▸ **Task details**
For this exercise, the lines from the one with "Pamer Foto Bareng" through the final line of the data below are to be transcribed exactly, and pictures are to be skipped.

[Stored data]
*** Block opens ***
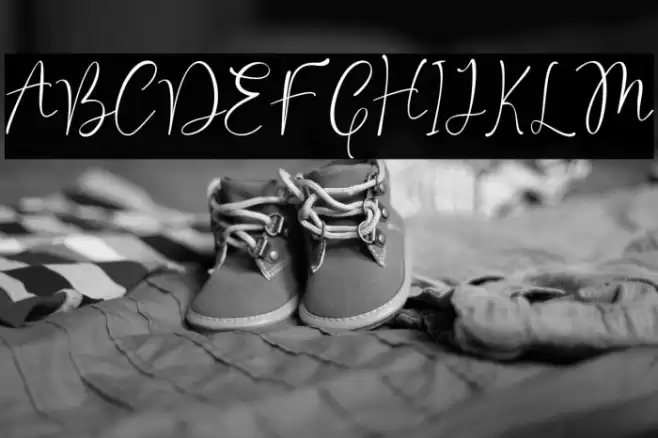 Valentine Moon Font examples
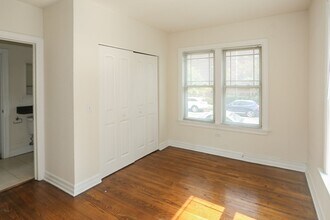 3818 N Sheffield Ave, Unit 3816-1E in Chicago, IL - Building Photo - Building Photo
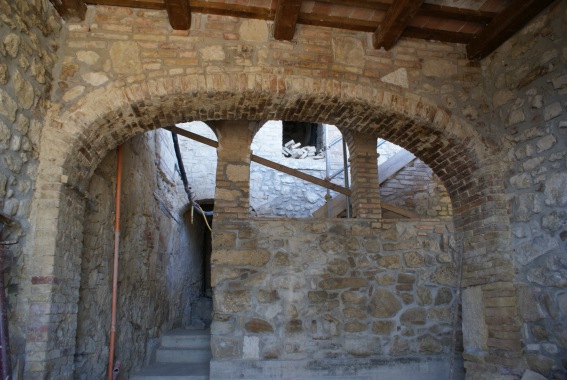 Villa Sciarra di Torricella Sicura (Te): arco ellittico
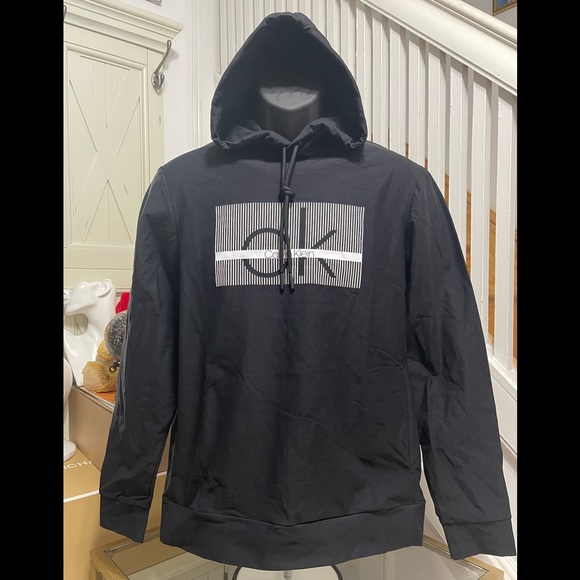 NWT Men’s Size X-Small Calvin Klein Linear Logo Print Drawstring Hoodie In Black - Picture 5 of 12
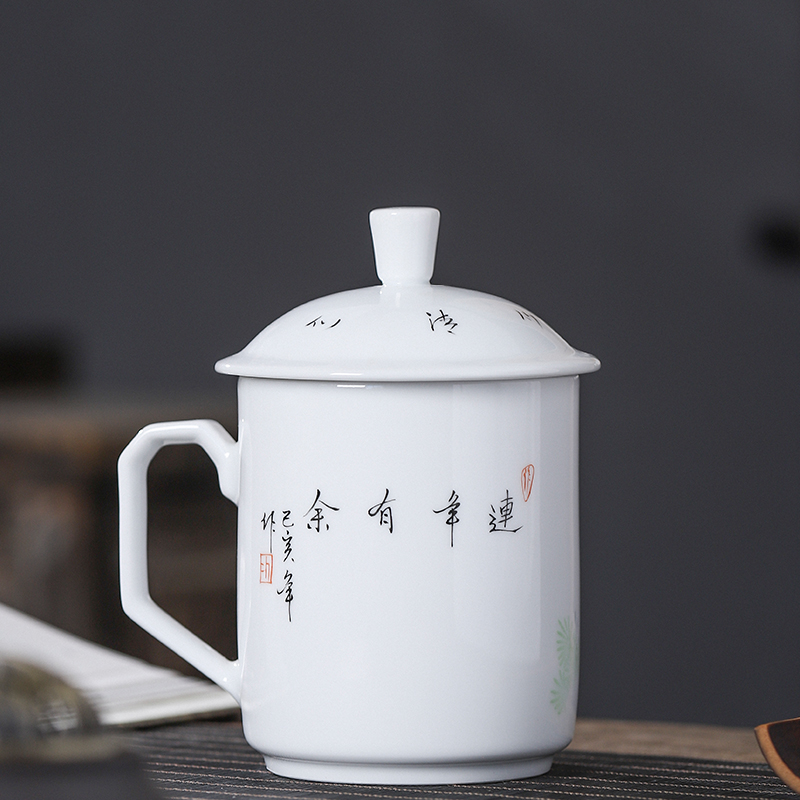 Jingdezhen ceramic cups pure hand - made cover cup of big capacity office mercifully cup gift cup lotus carp cup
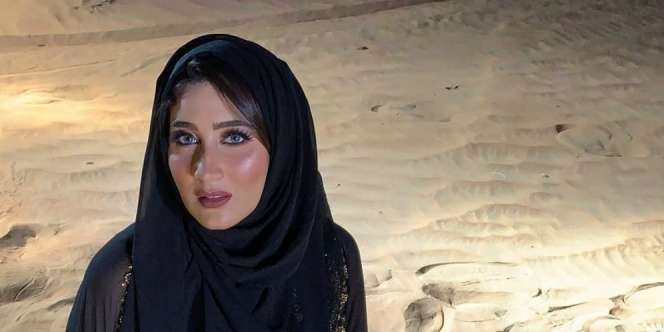 Pamer Foto Bareng Artis Bollywood, Tania Nadira Jadi Sorotan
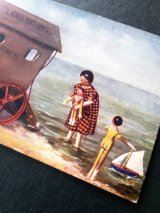 オランダ人形　ゴーリーのおともだち　アンティークカード　海辺の親子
*** Block closes ***
▸ **Task result**
 Pamer Foto Bareng Artis Bollywood, Tania Nadira Jadi Sorotan
 オランダ人形　ゴーリーのおともだち　アンティークカード　海辺の親子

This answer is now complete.